For photographers, the first few months of the year are typically very slow. This can be frustrating and, well, really disheartening.
What if you were so busy this year that you didn’t plan for the slow season? What if you find yourself in mid-January with an empty calendar?
Below are a few ways to plan accordingly and suggestions to make it through the slow season without losing your mind!
Look at the seasonality of your business. When do you find business slowing down? Consider adding sessions that will appeal to your clients to soften the seasonality.
If you’re a mini session photographer, try adding year-round mini sessions. Even if you aren’t a mini session photographer, this type of photoshoot can help you drum up business during the slow season.
Mini sessions are shorter shoots that produce fewer final images at a more affordable rate. You can book several shoots back-to-back, completing several shoots at one location in one day. With fun themes and creative marketing, you can use mini photo sessions to increase bookings when business is slow.
For example in January, offer sparkler minis or New Year’s baby minis. In February, offer Valentine’s Day mini sessions, followed by spring-themed garden center minis in March. Check out our 12 Months of Mini Sessions Calendar for more fun ideas!

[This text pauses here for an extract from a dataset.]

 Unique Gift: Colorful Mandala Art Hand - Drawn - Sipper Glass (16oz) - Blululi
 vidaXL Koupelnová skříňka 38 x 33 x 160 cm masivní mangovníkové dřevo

If you are interested in more information check out our ebook, Mini Session 101,
When you need to increase bookings fast, there are several powerful marketing strategies you can use, including:
For in-depth information and advice about these strategies, read our post How to Book Clients for This Weekend.
And whatever you do, don’t give in to the temptation to discount your rates. Discounts undervalue your work and can lead to confusion about your pricing, encouraging clients to haggle or question your prices later. In addition, if you offer frequent discounts, some clients may even wait to book sessions because they expect you to offer lower prices in the future.
Extra free time isn’t always a bad thing! So take advantage of the opportunity to review the last year of your business.
Start by reflecting on everything you’ve achieved. Make a list of all your accomplishments. This will give you encouragement and a confidence boost if you start feeling down during the slow season. Plus, you can get ideas and inspiration for the year to come!
Next, look for ways to improve in the year ahead. What sold well and what didn’t? Are there any processes you can manage more efficiently? How can you improve your marketing and client communication? Review your photography as well. Do you need to improve certain aspects of your work?
It’s a great idea to review your business annually. Take stock of what you’re doing well and what areas can be improved upon. This way, you’ll go into the new year with clear ideas about how to continue growing your business.
After reviewing your business, it’s time to set goals for the new year. Break your goals into three areas: Professional, Personal, and Financial.
Think about what you would like to achieve with your business. What should you focus on to continue growing?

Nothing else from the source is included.